Aim of the exercise:
Write out the records below exactly as they appear, skipping each picture.

Source records:
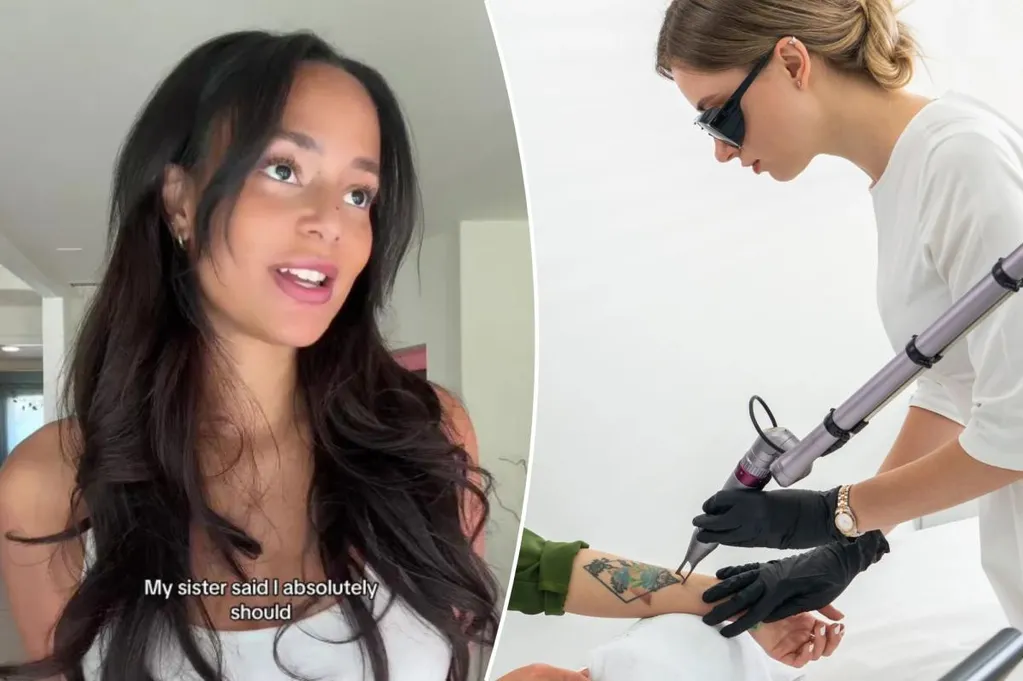 Influencer reveals 'disgusting' complication of tattoo removal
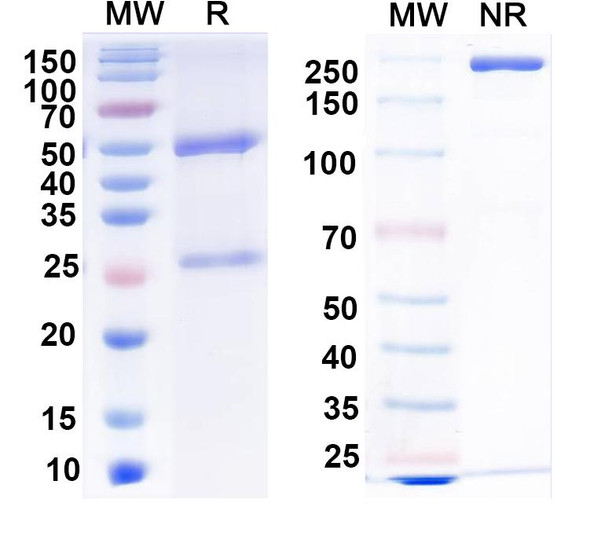 Anti-Human BCL6 Monoclonal Antibody (1A700) - SDS-PAGE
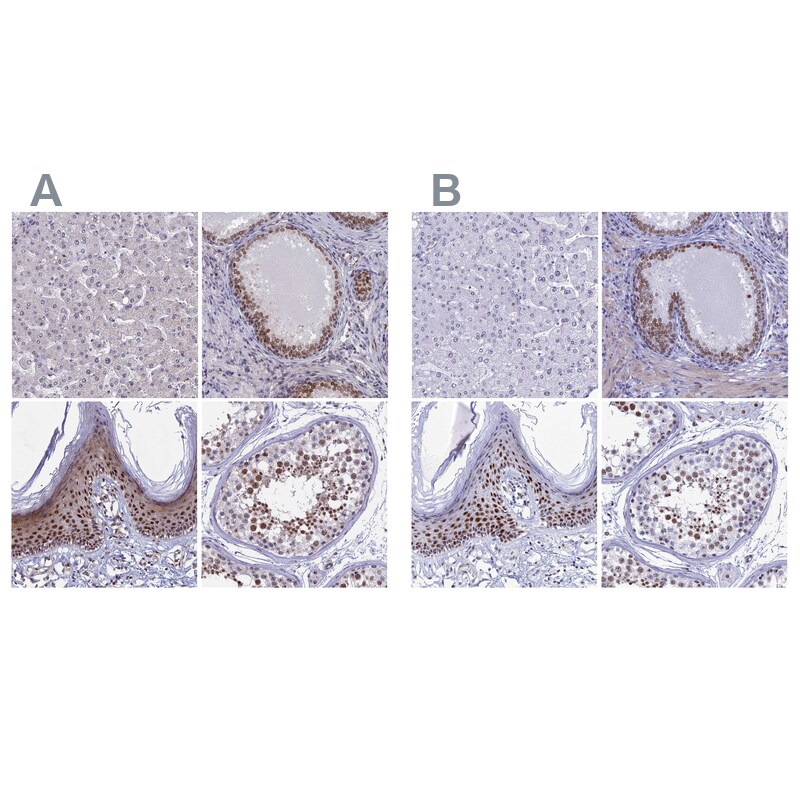 CCDC86 Antibody - BSA Free Immunohistochemistry-Paraffin: CCDC86 Antibody [NBP1-93501]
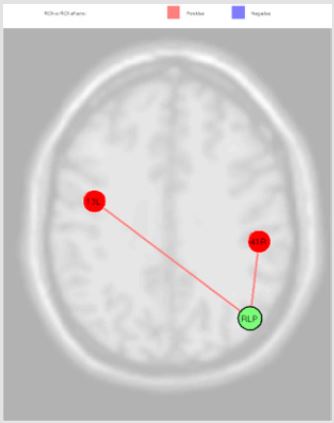 biomedres-openaccess-journal-bjstr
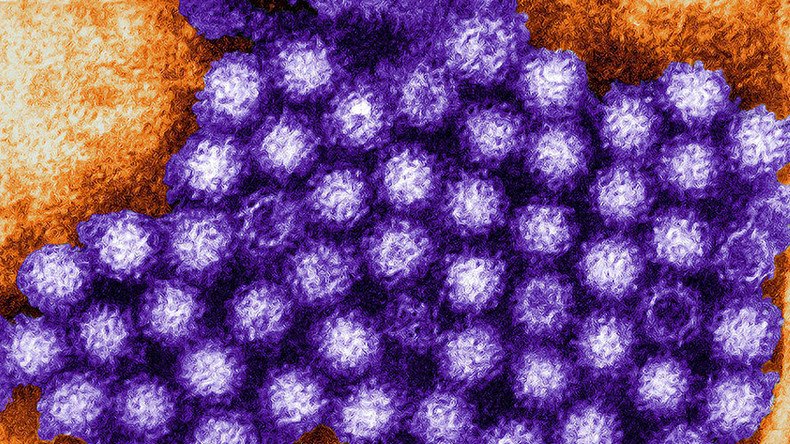 Norovirus infections spread to more college students in Michigan and Ohio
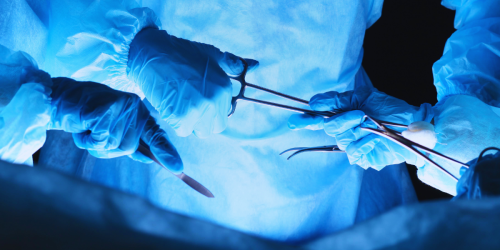 raggio bisturi cancro prostata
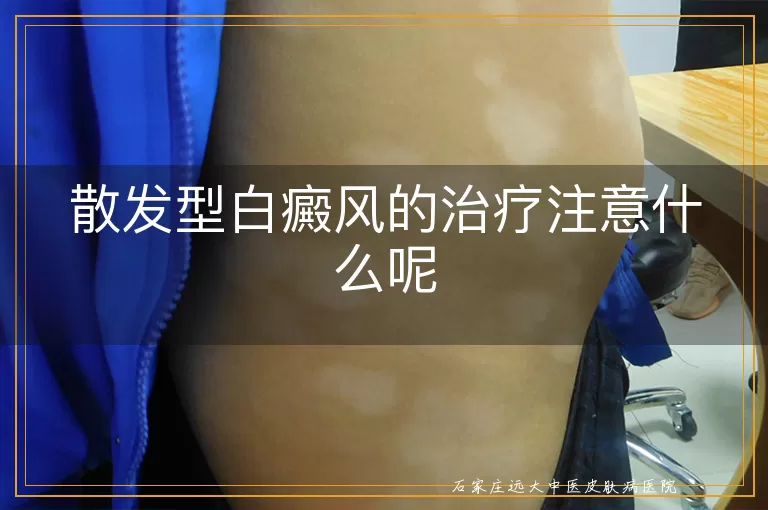 散发型白癜风的治疗注意什么呢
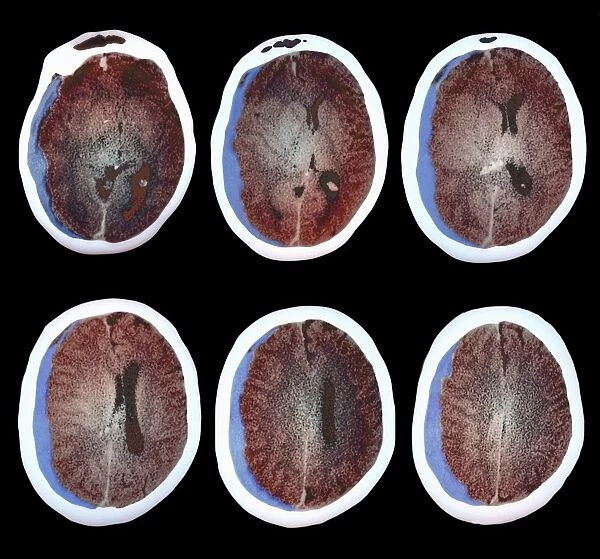 Brain haemorrhage, CT scans C018  /  0569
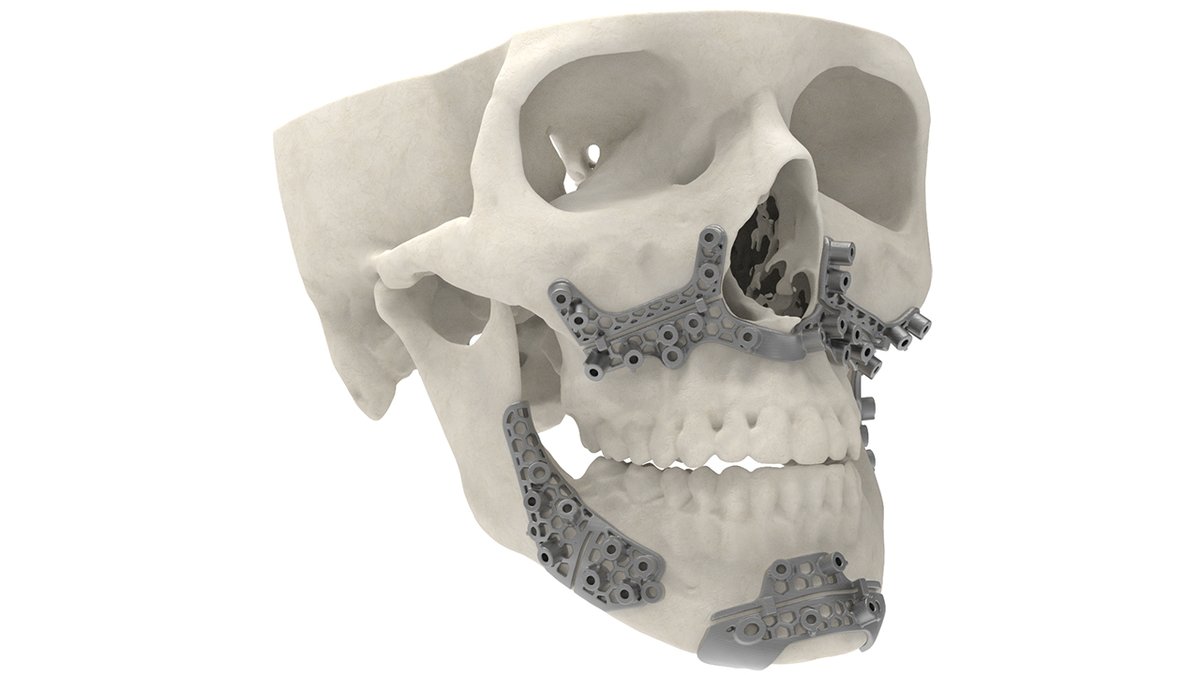 3D Systems’ EVP, Healthcare Solutions, Menno Ellis recently spoke with <a href="/TheTCTMagazine/">TCT Magazine</a>’s Head of Content, <a href="/Leanaura/">Laura Griffiths</a> sharing our continual growth within #additivemanufacturing in the #healthcare space and forward-thinking progressions to come. bit.ly/365wdC8
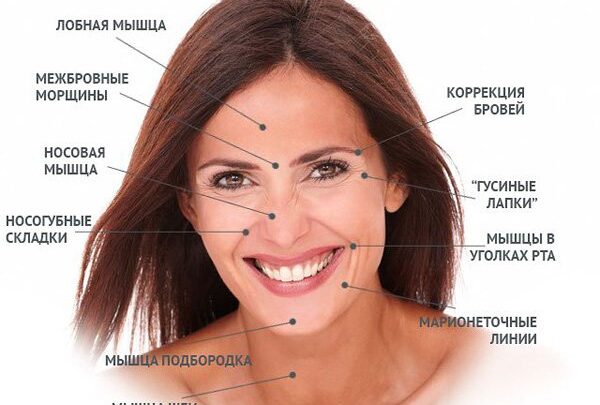 Де застосовується ботулінотерапія: зони застосування, препарати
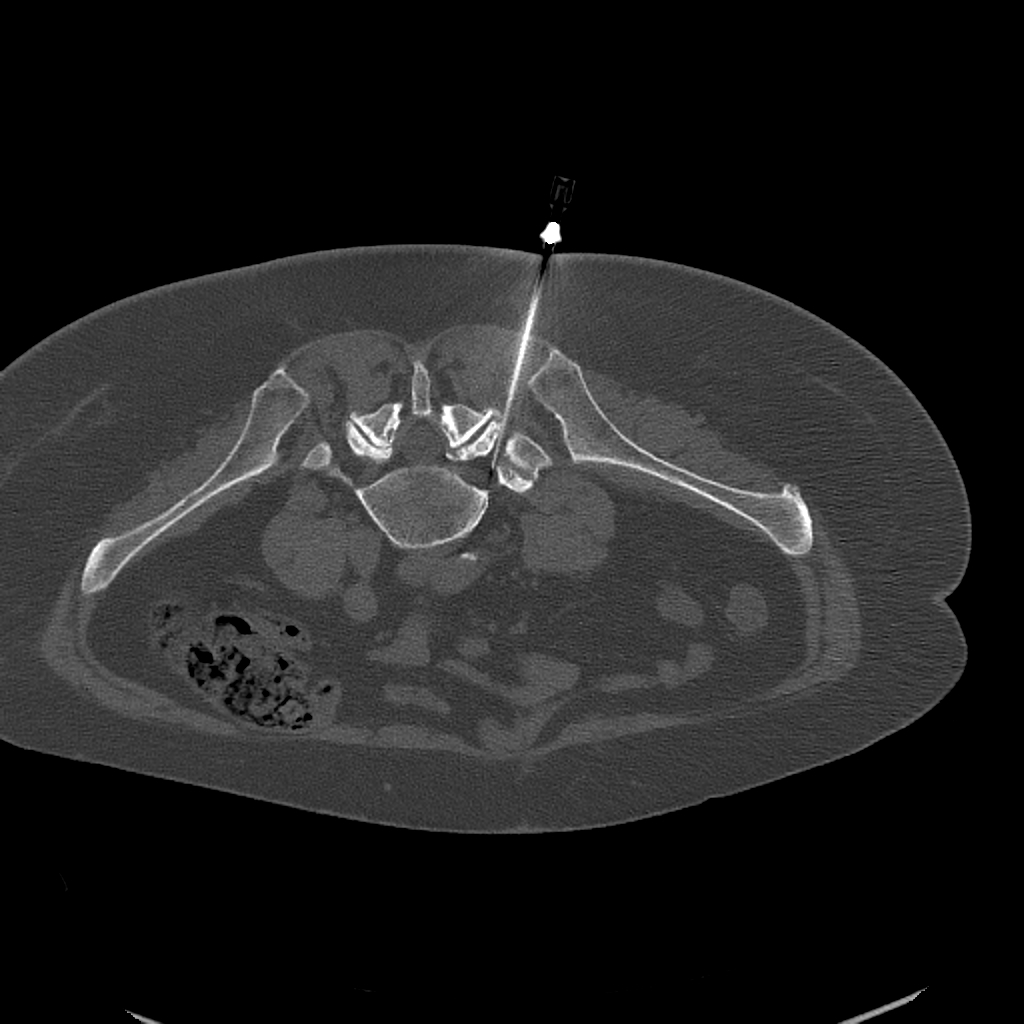 CT-vezérelt ideggyöki blokád — axiális CT-felvétel a tű pozíciójával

Output of the task:
 Influencer reveals 'disgusting' complication of tattoo removal
 Anti-Human BCL6 Monoclonal Antibody (1A700) - SDS-PAGE
 CCDC86 Antibody - BSA Free Immunohistochemistry-Paraffin: CCDC86 Antibody [NBP1-93501]
 biomedres-openaccess-journal-bjstr
 Norovirus infections spread to more college students in Michigan and Ohio
 raggio bisturi cancro prostata
 散发型白癜风的治疗注意什么呢
 Brain haemorrhage, CT scans C018  /  0569
 3D Systems’ EVP, Healthcare Solutions, Menno Ellis recently spoke with <a href="/TheTCTMagazine/">TCT Magazine</a>’s Head of Content, <a href="/Leanaura/">Laura Griffiths</a> sharing our continual growth within #additivemanufacturing in the #healthcare space and forward-thinking progressions to come. bit.ly/365wdC8
 Де застосовується ботулінотерапія: зони застосування, препарати
 CT-vezérelt ideggyöki blokád — axiális CT-felvétel a tű pozíciójával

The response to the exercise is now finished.